Sunday 19 June 2016

Poseidon's Warriors

Poseidon’s Warriors is the latest release from Osprey Wargames and, as far as I am aware, only their second on a fully naval theme. PW is a set of fast playing rules covering the classical naval era from 480BC (Salamis) to 31BC (Actium). 



The core rules are short and sweet – 9 pages of the 64 pages of the book, and even then those nine pages are profusely illustrated, covering the main mechanics of manoeuvre, ramming, boarding and morale. They are extremely bloody; in a game featuring Quadremes or smaller ships (which make up the bulk of many navies) a single attack is virtually guaranteed to cripple and sink an enemy ship, and even larger ships succumb to successful attacks with relative ease.
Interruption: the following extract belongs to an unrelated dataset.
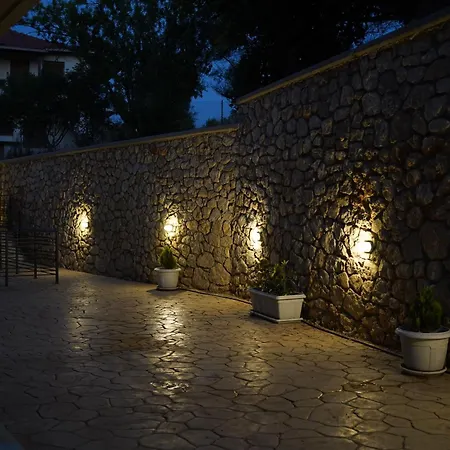 Avra Loft Apartman *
So it is that manoeuvre and knowing when and how to strike, as well as accepting the risk of losses in the approach. Ships are divided into squadrons of 5 ships (or single large ships) and players alternate activating squadrons, completing all movement, ramming, firing and boarding for a squadron before passing to the other player to do the same.

Additional sections add crew quality command and control, leaders and personalities, special weapons and the effects of terrain in the form of land, shoals and shallows, followed by a number of generic scenarios and a campaign system. Fleet lists from the Greek and Persian wars through to the Roman civil wars completes the package.

As with all the osprey Wargames series the book is nicely laid out and profusely illustrated with paintings from previous Osprey books and also with photos from Rod Langton’s excellent 1/300 and 1/1200 ranges.


This is a great package of rules and supporting material that makes for a quick and exciting standalone game, or a club campaign over a few evenings or weeks. Recommended.

4 comments:

  1. How many squadrons of ships would be needed for a typical game?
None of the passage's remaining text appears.